# Showing a function is one-to-one or onto.

• Apr 10th 2010, 11:11 AM
matthayzon89
Showing a function is one-to-one or onto.
Can someone help me understand how to do this problem?

Let F:N -> {0,1} be defined by F(n)= 0 if 3|n or 1 if 3|n

a)Show F is NOT one-to-one.
b)Show F is onto.
• Apr 11th 2010, 01:11 AM
tonio
Quote:

Originally Posted by matthayzon89
Can someone help me understand how to do this problem?

Let F:N -> {0,1} be defined by F(n)= 0 if 3|n or 1 if 3|n

a)Show F is NOT one-to-one.
b)Show F is onto.

Look carefully at what you wrote after "..be defined by..." : it makes no sense.

Tonio
• Apr 12th 2010, 11:36 AM
matthayzon89
Quote:

Originally Posted by tonio
Look carefully at what you wrote after "..be defined by..." : it makes no sense.

Tonio

Why does it make no sense? it does make sense....

Let the funtion that MAPS Natural numbers to 0,1 be defined by F(n)= 0 if 3|n or 1 if 3|n
• Apr 12th 2010, 11:44 AM
Plato
Quote:

Originally Posted by matthayzon89
Why does it make no sense? it does make sense....
Let the funtion that MAPS Natural numbers to 0,1 be defined by F(n)= 0 if 3|n or 1 if 3|n

It still makes no sense.
0 if 3|n or 1 if 3|n.
That reads 0 if three divides n or 1 if three divides n.
That is nonsense.
• Apr 12th 2010, 11:44 AM
Math Major
Sorry, but what are you using | to mean?
• Apr 12th 2010, 01:37 PM
matthayzon89
Quote:

Originally Posted by Plato
It still makes no sense.
0 if 3|n or 1 if 3|n.
That reads 0 if three divides n or 1 if three divides n.
That is nonsense.

SORRY!!
This is what it was suppose to say, I found out that there was a TYPO on the assignment itself...

It is suppose to read 0 if 3(does NOT)|n or 1 if 3|n
• Apr 12th 2010, 02:08 PM
Plato
Quote:

Originally Posted by matthayzon89
SORRY!!
It is suppose to read 0 if 3(does NOT)|n or 1 if 3|n

Well then:
a) if \$\displaystyle F(1)=F(2)\$ it is not one-to-one.

b) \$\displaystyle F(1)=0~\&~F(3)=0\$. So...?
• Apr 12th 2010, 02:10 PM
matthayzon89
Quote:

Originally Posted by Plato
Well then:
a) if \$\displaystyle F(1)=F(2)\$ it is not one-to-one.

b) \$\displaystyle F(1)=0~\&~F(3)=0\$. So...?

So b) is ONTO.

p.S
I need help trying to understand the question and knowing what to look for.... I don't really need help solving it.

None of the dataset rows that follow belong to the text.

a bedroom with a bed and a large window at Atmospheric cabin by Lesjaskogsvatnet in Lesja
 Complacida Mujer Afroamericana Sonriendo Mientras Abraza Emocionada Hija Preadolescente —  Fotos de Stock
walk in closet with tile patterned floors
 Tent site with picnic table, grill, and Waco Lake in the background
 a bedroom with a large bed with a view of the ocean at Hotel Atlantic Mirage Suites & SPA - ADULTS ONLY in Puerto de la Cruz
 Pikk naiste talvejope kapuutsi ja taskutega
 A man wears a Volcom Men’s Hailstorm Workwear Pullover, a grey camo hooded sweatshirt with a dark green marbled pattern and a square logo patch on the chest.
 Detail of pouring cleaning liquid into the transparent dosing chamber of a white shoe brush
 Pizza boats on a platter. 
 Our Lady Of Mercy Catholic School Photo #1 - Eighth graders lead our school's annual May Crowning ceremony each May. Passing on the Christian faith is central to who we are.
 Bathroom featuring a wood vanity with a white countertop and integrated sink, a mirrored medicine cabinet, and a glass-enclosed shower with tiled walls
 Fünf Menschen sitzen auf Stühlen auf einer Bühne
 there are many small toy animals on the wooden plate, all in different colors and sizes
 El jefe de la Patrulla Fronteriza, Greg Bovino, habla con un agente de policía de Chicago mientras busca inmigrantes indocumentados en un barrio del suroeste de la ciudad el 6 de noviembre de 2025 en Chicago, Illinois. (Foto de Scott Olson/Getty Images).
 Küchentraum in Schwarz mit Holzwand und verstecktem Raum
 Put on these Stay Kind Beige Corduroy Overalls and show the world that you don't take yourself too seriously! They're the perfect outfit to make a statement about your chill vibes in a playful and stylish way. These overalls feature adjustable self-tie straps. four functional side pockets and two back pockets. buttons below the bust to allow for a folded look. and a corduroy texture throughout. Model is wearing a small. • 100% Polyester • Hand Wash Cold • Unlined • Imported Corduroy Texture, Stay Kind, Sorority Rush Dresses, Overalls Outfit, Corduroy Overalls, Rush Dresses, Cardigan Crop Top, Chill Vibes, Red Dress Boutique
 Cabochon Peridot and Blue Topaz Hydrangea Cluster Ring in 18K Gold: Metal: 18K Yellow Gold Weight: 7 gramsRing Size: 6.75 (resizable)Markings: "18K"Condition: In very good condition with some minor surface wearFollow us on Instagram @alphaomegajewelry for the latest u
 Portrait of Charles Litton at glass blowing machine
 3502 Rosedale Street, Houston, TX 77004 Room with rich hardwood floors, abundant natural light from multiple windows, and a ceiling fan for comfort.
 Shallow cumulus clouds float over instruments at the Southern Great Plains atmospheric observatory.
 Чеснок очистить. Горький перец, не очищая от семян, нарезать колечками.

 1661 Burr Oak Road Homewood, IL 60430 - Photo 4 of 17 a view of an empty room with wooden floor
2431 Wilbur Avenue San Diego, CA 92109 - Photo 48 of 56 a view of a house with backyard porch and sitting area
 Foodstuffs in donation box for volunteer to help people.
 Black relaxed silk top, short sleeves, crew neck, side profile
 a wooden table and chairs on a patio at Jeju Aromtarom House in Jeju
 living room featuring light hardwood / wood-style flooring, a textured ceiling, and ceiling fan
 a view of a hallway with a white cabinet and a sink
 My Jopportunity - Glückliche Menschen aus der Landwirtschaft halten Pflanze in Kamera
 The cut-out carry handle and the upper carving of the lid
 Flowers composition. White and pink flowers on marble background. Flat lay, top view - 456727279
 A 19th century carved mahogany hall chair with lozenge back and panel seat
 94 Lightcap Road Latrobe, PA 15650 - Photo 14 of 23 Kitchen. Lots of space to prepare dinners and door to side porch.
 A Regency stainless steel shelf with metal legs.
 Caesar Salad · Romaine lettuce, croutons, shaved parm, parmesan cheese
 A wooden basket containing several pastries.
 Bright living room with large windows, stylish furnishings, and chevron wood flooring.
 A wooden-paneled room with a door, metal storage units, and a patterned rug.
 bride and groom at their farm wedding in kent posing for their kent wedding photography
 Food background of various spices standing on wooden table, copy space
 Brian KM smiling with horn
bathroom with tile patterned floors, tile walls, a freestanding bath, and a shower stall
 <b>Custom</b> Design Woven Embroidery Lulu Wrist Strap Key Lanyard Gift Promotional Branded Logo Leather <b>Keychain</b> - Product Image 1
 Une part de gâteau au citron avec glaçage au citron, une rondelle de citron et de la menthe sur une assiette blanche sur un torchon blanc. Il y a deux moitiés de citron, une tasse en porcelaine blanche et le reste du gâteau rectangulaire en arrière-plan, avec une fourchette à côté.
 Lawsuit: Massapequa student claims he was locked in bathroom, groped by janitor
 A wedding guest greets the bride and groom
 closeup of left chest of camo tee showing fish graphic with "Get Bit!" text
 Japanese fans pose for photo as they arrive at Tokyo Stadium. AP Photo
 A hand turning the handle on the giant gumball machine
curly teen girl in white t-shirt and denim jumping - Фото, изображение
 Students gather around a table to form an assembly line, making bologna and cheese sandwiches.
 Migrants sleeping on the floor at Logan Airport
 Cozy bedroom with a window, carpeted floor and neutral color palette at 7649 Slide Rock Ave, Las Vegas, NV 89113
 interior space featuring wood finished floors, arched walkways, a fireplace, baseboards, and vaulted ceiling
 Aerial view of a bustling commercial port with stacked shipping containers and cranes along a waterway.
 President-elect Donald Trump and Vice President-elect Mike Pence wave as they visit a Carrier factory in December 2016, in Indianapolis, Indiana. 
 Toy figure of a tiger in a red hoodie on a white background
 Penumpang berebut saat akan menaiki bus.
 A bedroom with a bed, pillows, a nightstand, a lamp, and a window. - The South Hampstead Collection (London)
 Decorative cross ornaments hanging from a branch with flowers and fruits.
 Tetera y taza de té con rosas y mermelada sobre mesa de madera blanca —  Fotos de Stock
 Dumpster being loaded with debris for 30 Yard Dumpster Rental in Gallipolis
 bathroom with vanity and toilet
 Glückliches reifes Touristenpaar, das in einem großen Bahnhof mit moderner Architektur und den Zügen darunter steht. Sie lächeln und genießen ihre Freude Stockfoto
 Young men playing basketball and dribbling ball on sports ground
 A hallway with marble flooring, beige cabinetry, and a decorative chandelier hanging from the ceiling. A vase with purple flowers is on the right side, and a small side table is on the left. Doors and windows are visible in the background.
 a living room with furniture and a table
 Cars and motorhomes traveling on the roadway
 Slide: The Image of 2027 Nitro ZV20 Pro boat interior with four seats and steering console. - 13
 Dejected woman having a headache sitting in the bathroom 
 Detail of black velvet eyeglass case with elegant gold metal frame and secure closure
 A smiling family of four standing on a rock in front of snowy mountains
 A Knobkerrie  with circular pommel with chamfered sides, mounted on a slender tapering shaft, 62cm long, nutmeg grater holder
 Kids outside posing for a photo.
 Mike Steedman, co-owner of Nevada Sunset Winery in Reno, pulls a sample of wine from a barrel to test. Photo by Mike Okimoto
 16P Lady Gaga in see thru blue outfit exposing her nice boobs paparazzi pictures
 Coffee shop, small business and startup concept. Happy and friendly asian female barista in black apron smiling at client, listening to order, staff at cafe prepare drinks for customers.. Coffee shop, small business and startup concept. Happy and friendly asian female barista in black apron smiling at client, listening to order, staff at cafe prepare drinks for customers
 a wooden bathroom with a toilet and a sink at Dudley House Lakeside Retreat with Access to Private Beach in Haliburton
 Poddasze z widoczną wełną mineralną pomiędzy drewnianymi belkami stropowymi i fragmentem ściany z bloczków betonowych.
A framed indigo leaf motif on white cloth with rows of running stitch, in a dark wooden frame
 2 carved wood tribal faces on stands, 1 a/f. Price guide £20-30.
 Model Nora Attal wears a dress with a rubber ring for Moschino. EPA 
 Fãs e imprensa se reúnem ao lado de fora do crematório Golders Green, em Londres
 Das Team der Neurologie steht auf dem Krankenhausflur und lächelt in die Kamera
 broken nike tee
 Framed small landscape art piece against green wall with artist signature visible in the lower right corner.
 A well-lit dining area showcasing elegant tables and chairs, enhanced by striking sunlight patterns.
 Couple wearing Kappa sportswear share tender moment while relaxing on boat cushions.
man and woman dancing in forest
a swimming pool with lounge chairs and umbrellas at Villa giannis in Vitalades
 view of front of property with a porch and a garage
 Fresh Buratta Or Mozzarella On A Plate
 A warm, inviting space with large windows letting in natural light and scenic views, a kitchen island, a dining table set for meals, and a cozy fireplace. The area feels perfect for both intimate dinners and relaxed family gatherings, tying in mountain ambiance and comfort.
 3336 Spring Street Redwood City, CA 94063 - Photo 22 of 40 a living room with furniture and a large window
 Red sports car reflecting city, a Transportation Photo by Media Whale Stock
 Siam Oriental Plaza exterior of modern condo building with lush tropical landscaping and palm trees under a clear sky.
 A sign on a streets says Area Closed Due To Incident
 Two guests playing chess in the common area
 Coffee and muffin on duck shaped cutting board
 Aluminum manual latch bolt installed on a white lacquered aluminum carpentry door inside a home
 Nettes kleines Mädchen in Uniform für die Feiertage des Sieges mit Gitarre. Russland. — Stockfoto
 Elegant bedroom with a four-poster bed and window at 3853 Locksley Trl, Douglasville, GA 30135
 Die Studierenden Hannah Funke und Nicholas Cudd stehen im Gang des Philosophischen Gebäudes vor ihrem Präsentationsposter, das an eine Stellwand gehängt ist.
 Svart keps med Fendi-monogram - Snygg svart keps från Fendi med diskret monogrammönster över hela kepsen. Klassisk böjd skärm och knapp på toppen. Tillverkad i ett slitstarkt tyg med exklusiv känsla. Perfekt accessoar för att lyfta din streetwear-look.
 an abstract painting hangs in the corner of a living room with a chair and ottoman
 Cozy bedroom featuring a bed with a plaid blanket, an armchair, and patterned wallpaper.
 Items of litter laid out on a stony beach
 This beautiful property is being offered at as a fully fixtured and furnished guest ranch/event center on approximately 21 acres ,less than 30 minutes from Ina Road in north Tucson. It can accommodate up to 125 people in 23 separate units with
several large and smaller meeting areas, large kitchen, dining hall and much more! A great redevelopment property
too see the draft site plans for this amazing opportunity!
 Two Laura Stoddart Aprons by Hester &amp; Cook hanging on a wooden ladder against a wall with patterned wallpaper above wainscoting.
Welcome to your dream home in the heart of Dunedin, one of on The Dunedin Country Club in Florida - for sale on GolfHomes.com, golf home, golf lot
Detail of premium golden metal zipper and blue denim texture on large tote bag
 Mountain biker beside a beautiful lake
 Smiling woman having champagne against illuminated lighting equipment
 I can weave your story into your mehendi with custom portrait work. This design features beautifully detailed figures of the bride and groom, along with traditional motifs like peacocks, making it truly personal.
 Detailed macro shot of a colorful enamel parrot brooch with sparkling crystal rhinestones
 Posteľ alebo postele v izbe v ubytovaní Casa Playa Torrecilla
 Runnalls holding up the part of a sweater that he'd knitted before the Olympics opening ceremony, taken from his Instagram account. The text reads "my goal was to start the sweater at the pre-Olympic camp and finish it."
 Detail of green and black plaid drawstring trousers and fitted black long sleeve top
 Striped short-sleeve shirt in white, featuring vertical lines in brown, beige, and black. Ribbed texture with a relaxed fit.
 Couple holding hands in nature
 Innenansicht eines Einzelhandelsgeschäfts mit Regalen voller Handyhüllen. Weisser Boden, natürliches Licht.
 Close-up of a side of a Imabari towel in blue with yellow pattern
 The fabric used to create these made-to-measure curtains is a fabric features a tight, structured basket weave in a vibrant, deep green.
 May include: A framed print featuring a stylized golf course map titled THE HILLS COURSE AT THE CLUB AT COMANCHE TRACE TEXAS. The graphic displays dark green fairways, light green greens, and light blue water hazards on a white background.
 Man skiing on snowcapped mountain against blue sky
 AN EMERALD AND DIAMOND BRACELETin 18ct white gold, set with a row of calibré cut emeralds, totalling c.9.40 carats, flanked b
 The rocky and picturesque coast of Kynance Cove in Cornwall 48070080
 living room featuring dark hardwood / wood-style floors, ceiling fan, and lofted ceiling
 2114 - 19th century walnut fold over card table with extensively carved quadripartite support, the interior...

Hints don't help much either.
Can someone please explain how to approach such a problem and what I need to look for in order to prove something is onto or one-to-one?
• Apr 12th 2010, 02:26 PM
Plato
Quote:

Originally Posted by matthayzon89
I need help trying to understand the question and knowing what to look for.... I don't really need help solving it. Hints don't help much either.
Can someone please explain how to approach such a problem and what I need to look for in order to prove something is onto or one-to-one?

Any function is a set of ordered pairs.
A function is one-to-one is no two pairs have the same second term.
A function is onto if the range is the same as the co-domain (the final set).
• Apr 13th 2010, 06:58 AM
matthayzon89
So I know the answer b/c I went over it with my prof. but I still dont really understand it, can someone please explain?

Here it is:

F:N -> {0,1}
F(n)= {0 if 3 does not |n, 1 if 3|n)

a) is NOT one-to-one <- I know this is due to having more then one value mapped to the same second value, but I dont understand how this conclusion is figured out given the information of the problem.

Proof:
Consider n(base1)= 1 and n(base2)= 2
Then F(n(base1)=F(n(base2))=0 but n(base1)DOES NOT EQUAL 2.

Also,
Is F onto? YES

Proof:
Let y E {0,1}
if y=0,choose n=1 then, n E N and F(n)=y since F(1)=0

If y=1, choose n-3 then, n E N and F(n)=y since F(3)=1.

Can someone please explain how this proof was reached and the logic behind whats going on in detail so i understand it once and for all?